As École acadienne de Truro students filed into the school’s theatre, a look of wonder and curiosity washed over their faces.
They had expected to be introduced to pen pals of the same age they had been corresponding with. Much to their surprise, area seniors were there to greet them instead.
Since March, fourth-grade students have been participating in a letter-writing project called The Bridge of Time. It allowed them to connect with a pen pal, “a 10-year-old from 1918.”
“The goal of the project was to explain to the kids of today the differences of everyday life between 1918 and 2018,” said Benoit Seveno, project coordinator for The Bridge of Time.
“In the end, six letters were sent back and forth between the kids and the participants. In the letters, they spoke of how life was in the past without things like computers, cars or TV. If a kid brought up a computer, the participant would respond with, ‘What’s a computer?’”
During the project, students were led to believe their pen pals had found a way to send letters to the future, allowing them to share stories with students of how life was a century ago.
However, students were really writing to local French-speaking seniors, who grew up without a lot of the comforts and conveniences young people have today. On Friday, the students met their pen pals for the first time.
“I think they will be quite excited to meet the people they’ve been writing to,” said Seveno, moments before the students gathered to meet participants.
“At least half of them, I feel, believed they were sending letters through time to kids their age a century ago. The other half were a bit more skeptical and said, ‘That’s not possible.
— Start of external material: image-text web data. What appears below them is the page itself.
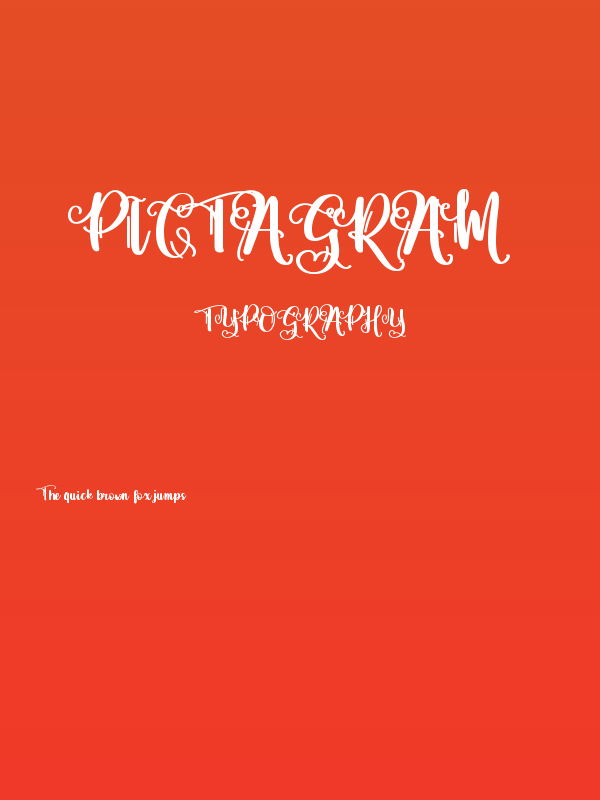 Pictagram Poster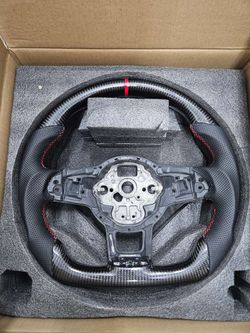 BRAND NEW 2015-2020 Volkswagen VW Golf MK7 GTI Real Carbon Fiber Steering Wheel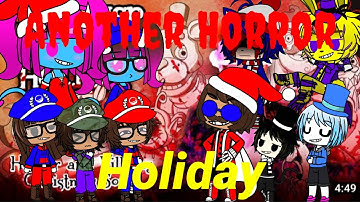 The Ethans + Fandoms React To:Another Horror Holiday By The Stupendium (Gacha Club)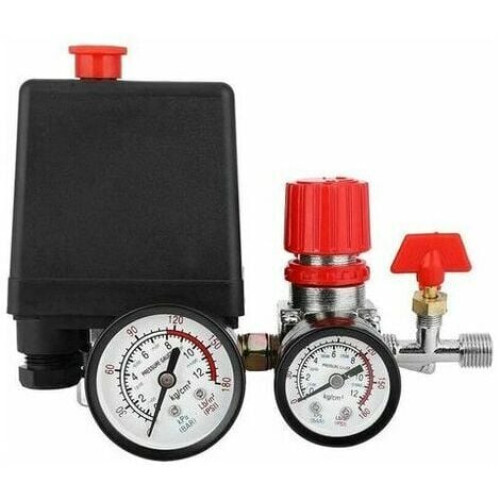 Air compressor pressure switch valve air compressor pressure switch with pressure gauge regulator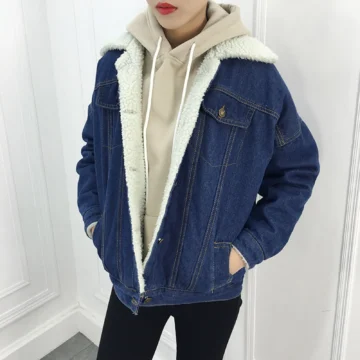 Warm Wool Denim Jacket 2023 - Casual Fit 2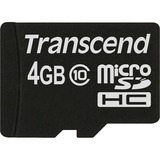 Transcend microSDHC-kaart 4GB geheugenkaart Class 10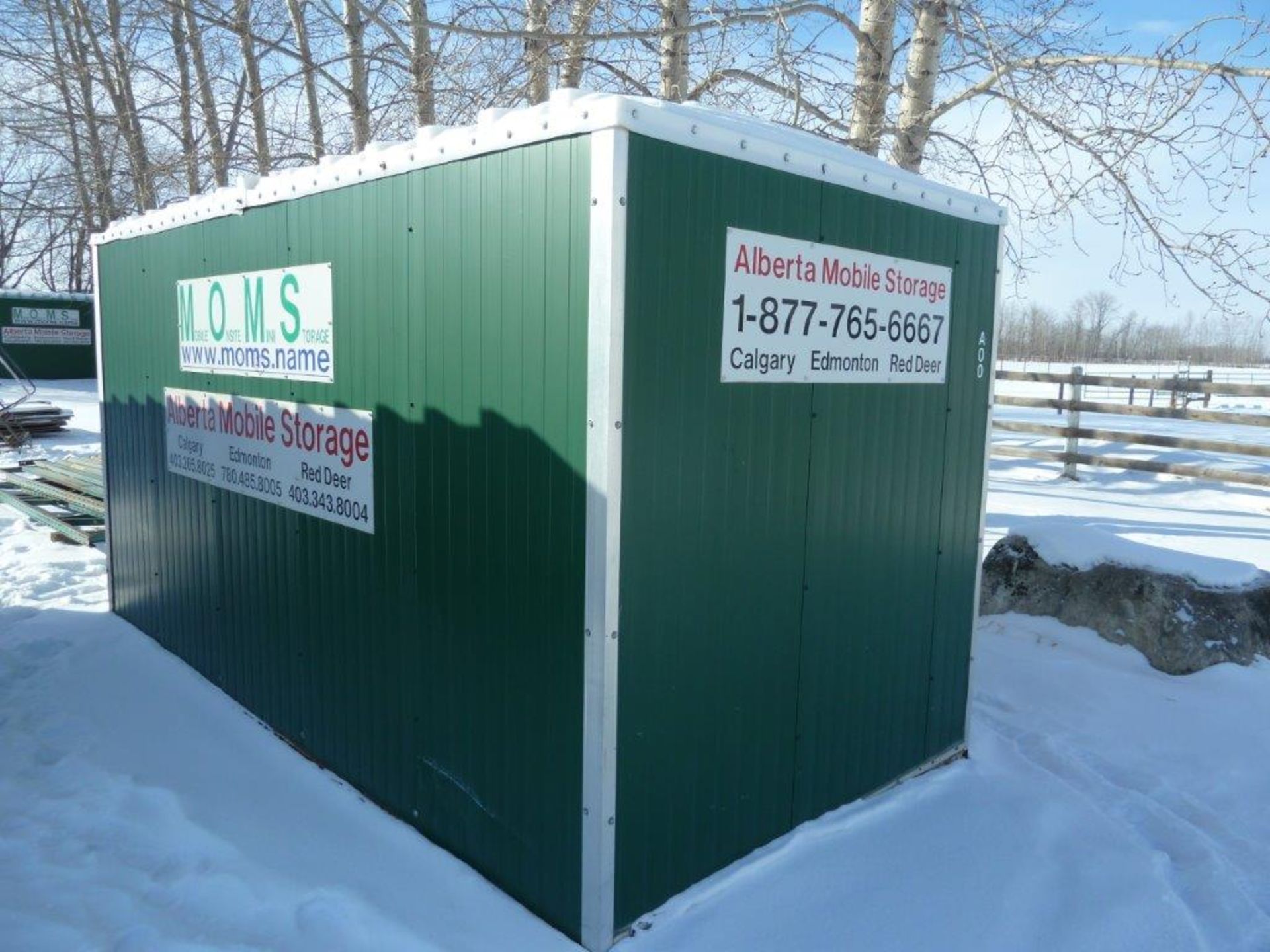 7X14 MOMS MOBILE STORAGE UNIT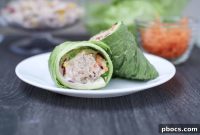 Crisp Tuna Lettuce Wraps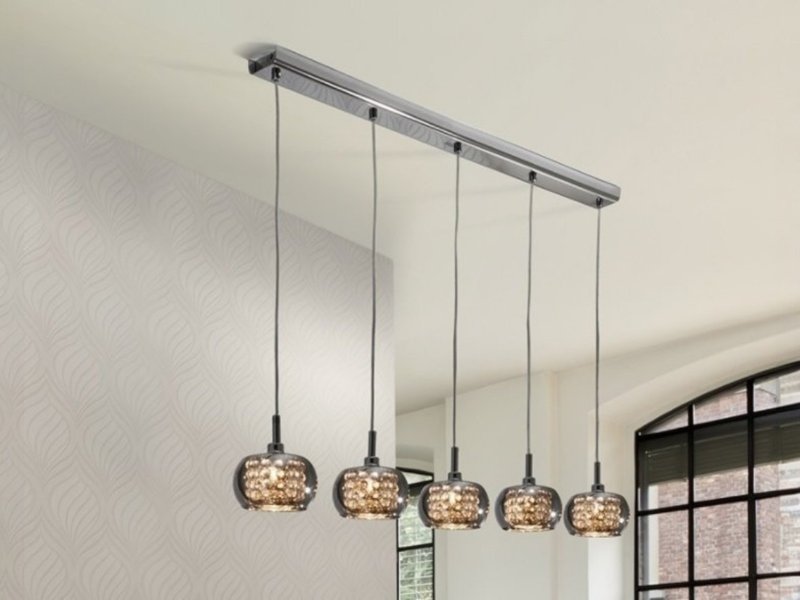 Beadle Crome Interiors Sofia 5 Light Pendent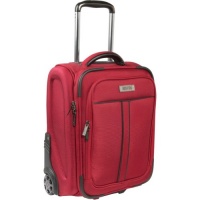 Kenneth Cole Reaction Down In Front - Ladies Rolling Laptop Overnighter (Red) Kenneth Cole Reaction Down In Front - Ladies Rolling Laptop Overnighter (Red)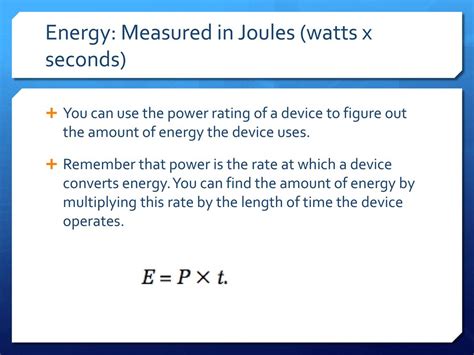 Joules and Watts: Demystifying the Energy Landscape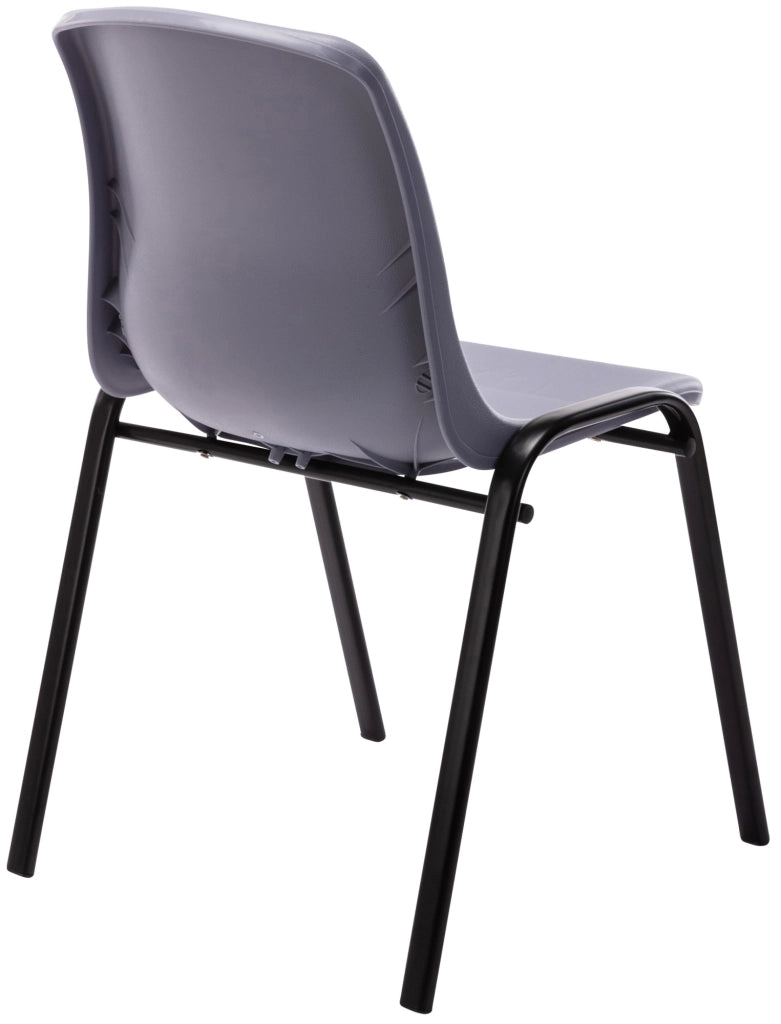 Sedia impilabile Nowra in polipropilene grigio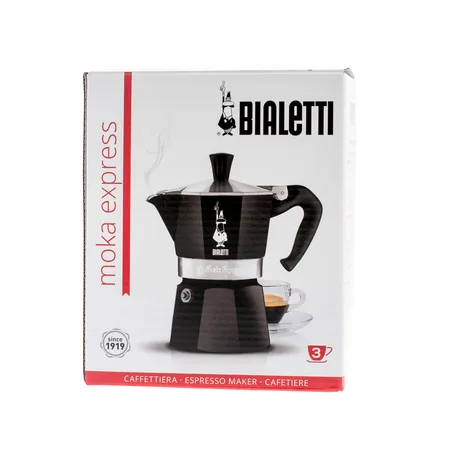 Bialetti Moka Express 3-cup Black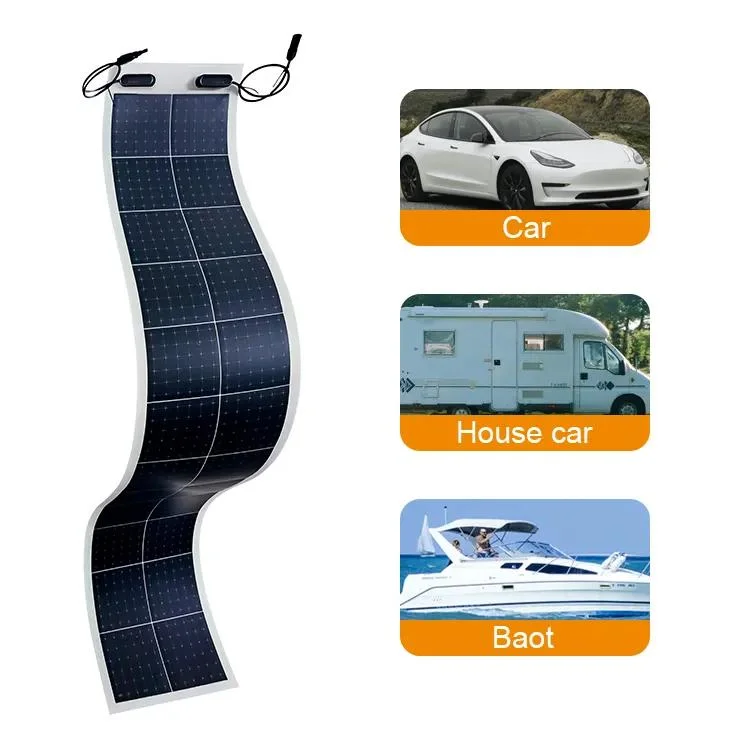 12V 30W 40W 50W Mini Portable Strip Shap Flexible Solar Panel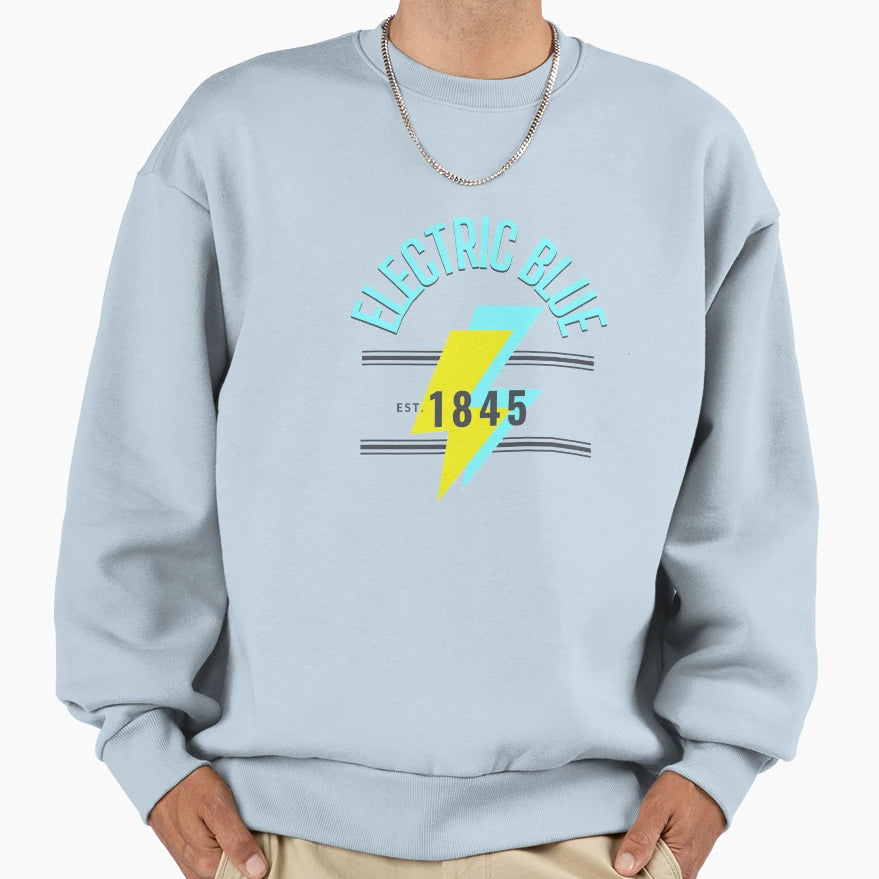 Electric Blue Established 1845 Sweatshirt - Trendy Graphic Unisex - T-Shirt, Sweatshirt, Hoodie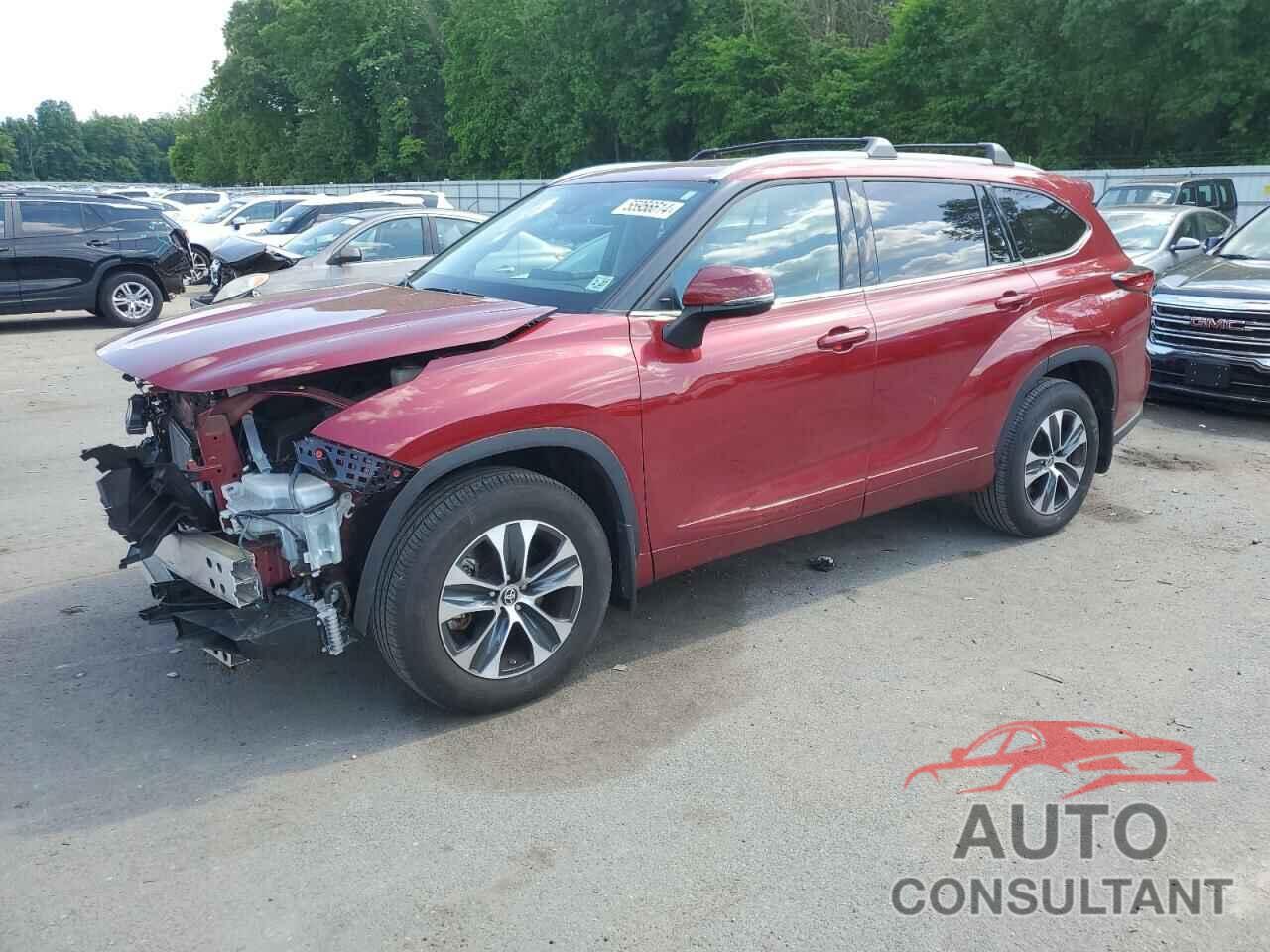 TOYOTA HIGHLANDER 2022 - 5TDGZRBH5NS571760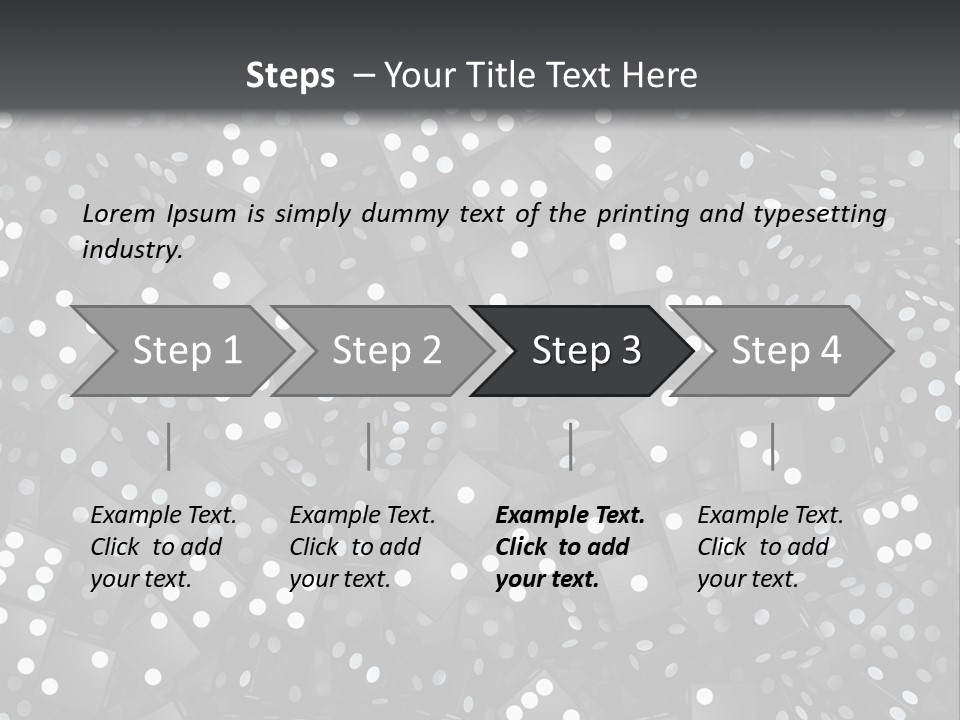 Loss Las Vegas Gambling Background PowerPoint Template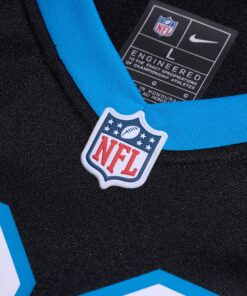 Men's Carolina Panthers Xavier Legette Nike Black 2024 NFL First Round Pick Game Player Jersey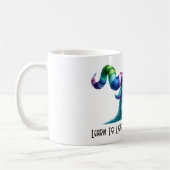 Clyde - neugieriges einäugiges Monster Kaffeetasse (Links)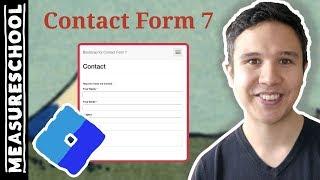 How to Track Contact Form 7 with Google Tag Manager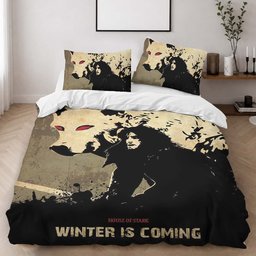 Jon Snow House of Stark Winter is Coming Duvet Cover - Game of Thrones Bedding Set 2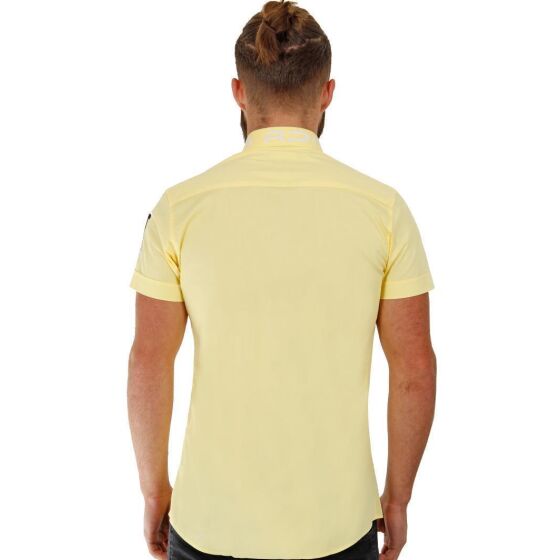 Red Bridge Mens Professional Design Regular Fit Short Sleeve Shirt Yellow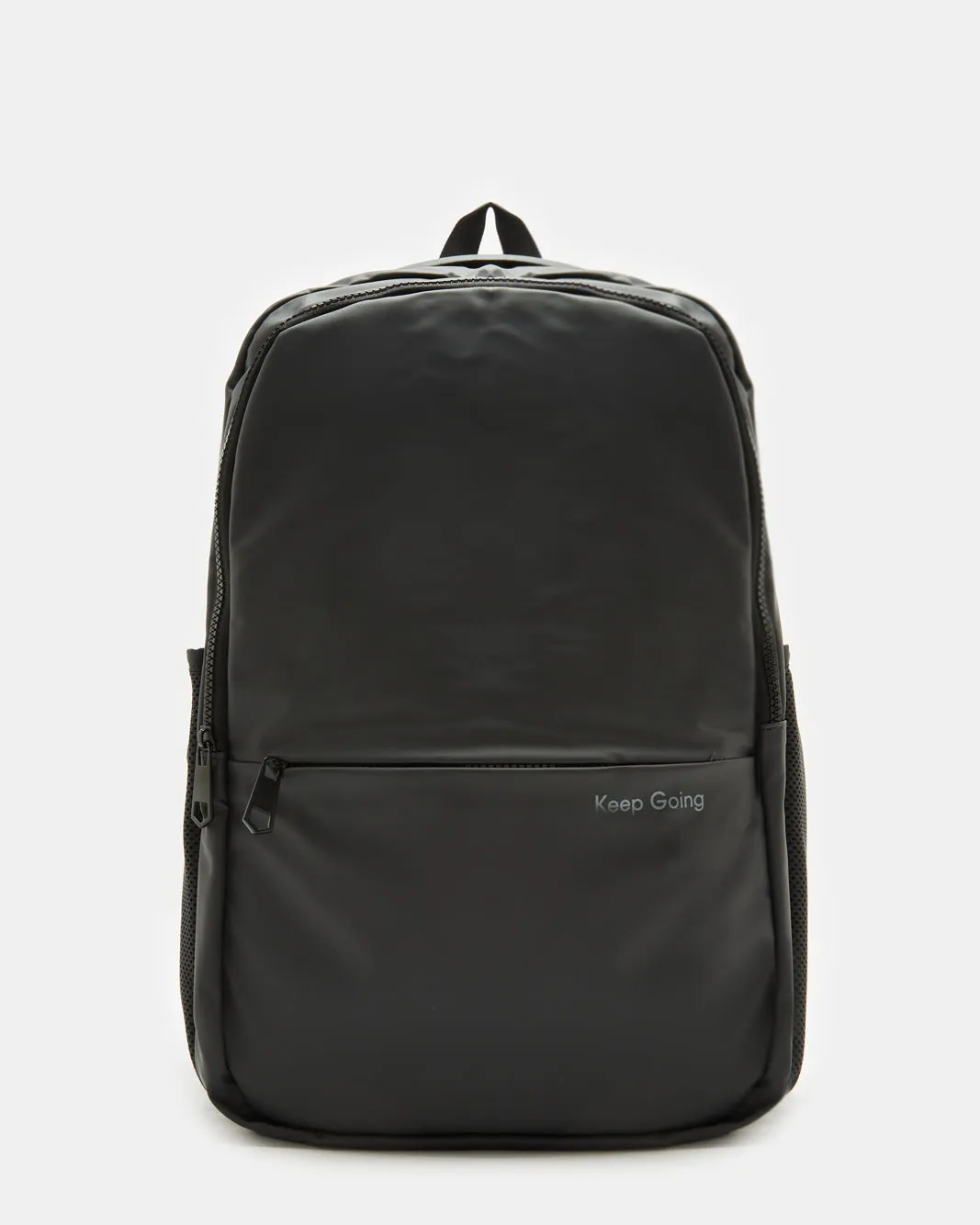 Men Black Plain Backpack sold by Redtag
There is no such thing as time travel.’”
And while surprised to discover their pen pals weren’t the same age, the students ran excitedly to meet the group of seniors, who’d brought along objects and pictures from their past.
“The goal of this project was to reinforce the link between generations,” said Seveno.
“We believe today, kids do not have much opportunity to speak with elders, and they don’t really know what life was like a century ago. I think it’s important because it not only helps strengthen our community, it also helps the kids learn about past generations and the changing times.”